METHODS: The metabolism and pharmacokinetics of [64Cu]FBP8 were studied in 8 healthy volunteers. Patients with atrial fibrillation and recent TEEs of the LAA (positive n = 12, negative n = 12) were injected with [64Cu]FBP8 and imaged with PET/CMR, including mapping the longitudinal magnetic relaxation time (T1) in the LAA.
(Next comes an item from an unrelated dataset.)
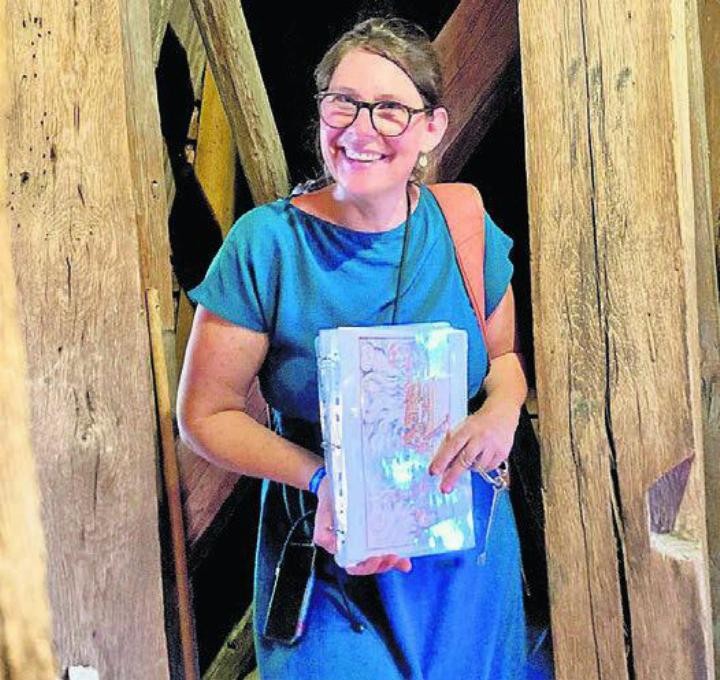 Luzia Mühlemann freut sich über ihre bestandene Prüfung.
RESULTS: [64Cu]FBP8 was stable to metabolism and was rapidly eliminated. The maximum standardized uptake value (SUVMax) in the LAA was significantly higher in the TEE-positive than TEE-negative subjects (median of 4.0 [interquartile range (IQR): 3.0-6.0] vs 2.3 [IQR: 2.1-2.5]; P < 0.001), with an area under the receiver-operating characteristic curve of 0.97. An SUVMax threshold of 2.6 provided a sensitivity of 100% and specificity of 84%. The minimum T1 (T1Min) in the LAA was 970 ms (IQR: 780-1,080 ms) vs 1,380 ms (IQR: 1,120-1,620 ms) (TEE positive vs TEE negative; P < 0.05), with some overlap between the groups. Logistic regression using SUVMax and T1Min allowed all TEE-positive and TEE-negative subjects to be classified with 100% accuracy.

CONCLUSIONS: PET/CMR of [64Cu]FBP8 is able to detect acute as well as older platelet-poor thrombi with excellent accuracy. Furthermore, the integrated PET/CMR approach provides useful information on the biological properties of thrombus such as fibrin and methemoglobin content. (Imaging of LAA Thrombosis; NCT03830320).